Aku mengambil posisi waspada dan mengamati keadaan di sekelilingku.

Aku terjatuh 50 cm di bawah tempat tidur militer yang rendah. Aku terbangun karena ada yang menarik kaki aku dan menyeret aku dari tempat tidur.

Tidak butuh waktu lama untuk menyadari penyebabnya.

“Pakan.”

Azzy menggonggong singkat dengan wajah dingin, lalu pergi. Setelah pertengkaran kami soal makanan yang dicuri, dia sepertinya mulai sedikit membenciku.

Tapi mengingat dia tetap datang untuk membangunkanku, dia tidak sepenuhnya membenciku.

Tidak, itu hal yang aneh untuk dikatakan.

Anjing tidak dapat mengembangkan kebencian terhadap manusia sejak lahir.

“Azzy.”

“Pakan.”

Azzy hanya menoleh. Tidak seperti sebelumnya—ketika ia memutar seluruh tubuhnya menghadapku—ia hanya menatapku.

Tapi bagaimana dengan itu? Seekor anjing tetaplah seekor anjing.

“Datanglah ke kafetaria.”

Telinganya tegak, dan ekornya mulai bergoyang-goyang. Aku tak bisa membaca pikirannya, tapi tak perlu. Tak ada hewan lain yang punya bahasa tubuh sejelas ini.

“Guk? Makanan?”

“Ya. Karena hari ini, ada hidangan spesial.”

“Guk! Makanan!”

“Dia kegirangan mendengar suara makanan dan mulai melompat-lompat. Haha. Nggak perlu terlalu senang. Soalnya hari ini giliranmu masak.”

“Tunggu aku mandi dulu.”

“Kamu terlalu sering keramas! Guk! Semua rambut rontok!”

“Aku belum botak, oke?! Intinya, kamu kurang mandi! Pokoknya, bawa dia dari bawah, cepat! Bukan kamu dan aku, tapi dia!”

“Turun? Guk! Oke!”

Sang Regresor teringat penghinaan yang diterimanya tadi malam. Ia benar-benar terekspos setelah mencoba menguping, dan pikirannya setengah terbebani oleh rasa malu saat ia mengurung diri di kamarnya.

Dan sepertinya dia menangis sedikit.

“Dia menangis” dalam arti “tidak secara fisik, tetapi secara emosional merasakan kesedihan dan kekecewaan pada diri sendiri”. Rasanya, terekspos dalam kamuflasenya sungguh mengejutkan baginya.
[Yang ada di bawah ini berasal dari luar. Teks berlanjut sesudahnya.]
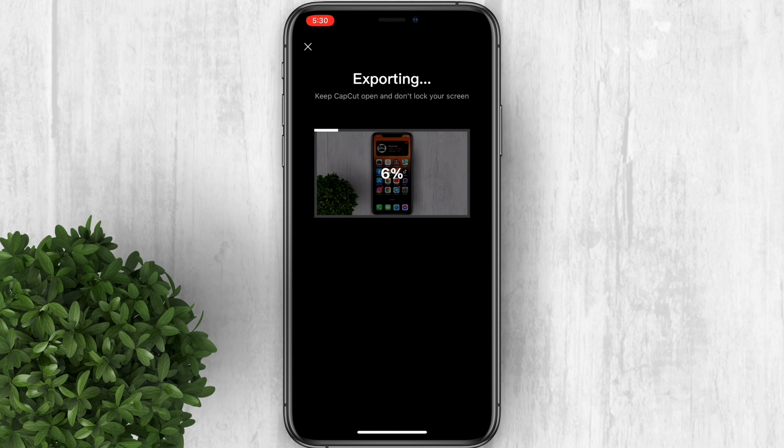Make sure that HD uploads is turned on in your social media platforms that you're uploading the video to.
Aku pikir dia akan menjalani kehidupan yang berantakan karena dia bisa saja mundur dan mencoba lagi, tetapi ternyata dia jauh lebih sensitif dan lebih perfeksionis daripada yang kukira.

「Sialan, sialan, sialan! Upaya awalmu terlalu kentara, Shei! Tentu saja, mereka akan waspada setelahnya! Kapan kau akan membuang pikiran-pikiran sombong ini? Berusahalah sebaik mungkin sekali ini saja!」

“Tidak, kumohon, berhentilah merendahkan diri. Apa hanya itu yang ada di pikiranmu tadi malam? Tanpa tidur?”

「Masalahnya juga, kamu terlalu meremehkan lawan. Kamu menetapkan standar rendah untuk orang ini hanya karena dia tidak bisa melihat menembus kamuflase sebelumnya. Tidak ada jaminan. Hanya karena kamu tidak tertangkap sekali, bukan berarti kamu tidak akan tertangkap lagi…!」

“Ini gila. Rasanya meresahkan waktu dia mencoba membunuhku, tapi lebih parah lagi waktu dia bilang semua itu kayak mau bunuh diri. Apalagi, dia menghindari kontak mata denganku karena aku duga itu memalukan. Huh. Ya ampun. Kenapa kita nggak coba mencairkan suasana?”

“Magang Shei, apa kamu kurang tidur tadi malam? Matamu kelihatan lelah.”

Sang Regresor mengoceh sendiri dan tak mampu merespons dengan baik. Ia tampak berusaha menghentikanku berbicara dengannya, tetapi mustahil ia akan melakukannya.

Karena membaca pikiran.

「Ck . Padahal kamu yang bikin aku nggak bisa tidur semalaman…」

“Kalau ada yang dengar, pasti ada salah paham. Untungnya, cuma aku yang bisa dengar.”

Bagaimana pun, Kamu nampaknya sangat kesal, Regresor.

“Sampai kapan kamu mendengarkannya?”

“…A-Apa?”

“Kukira aku melempar bumerang karena kau kembali berkali-kali setelah kubunuh. Tolong jangan lakukan itu lagi.”

“Ugh…!”

Regresor yang biasanya agresif dan kejam tidak menyerangku dengan pedangnya kali ini.

Mungkin karena harga dirinya yang kini telah rusak. Dan karena dunia ini memiliki hukum kekekalan yang aneh, seiring menurunnya harga diri Regresor, harga diriku justru tampak meningkat.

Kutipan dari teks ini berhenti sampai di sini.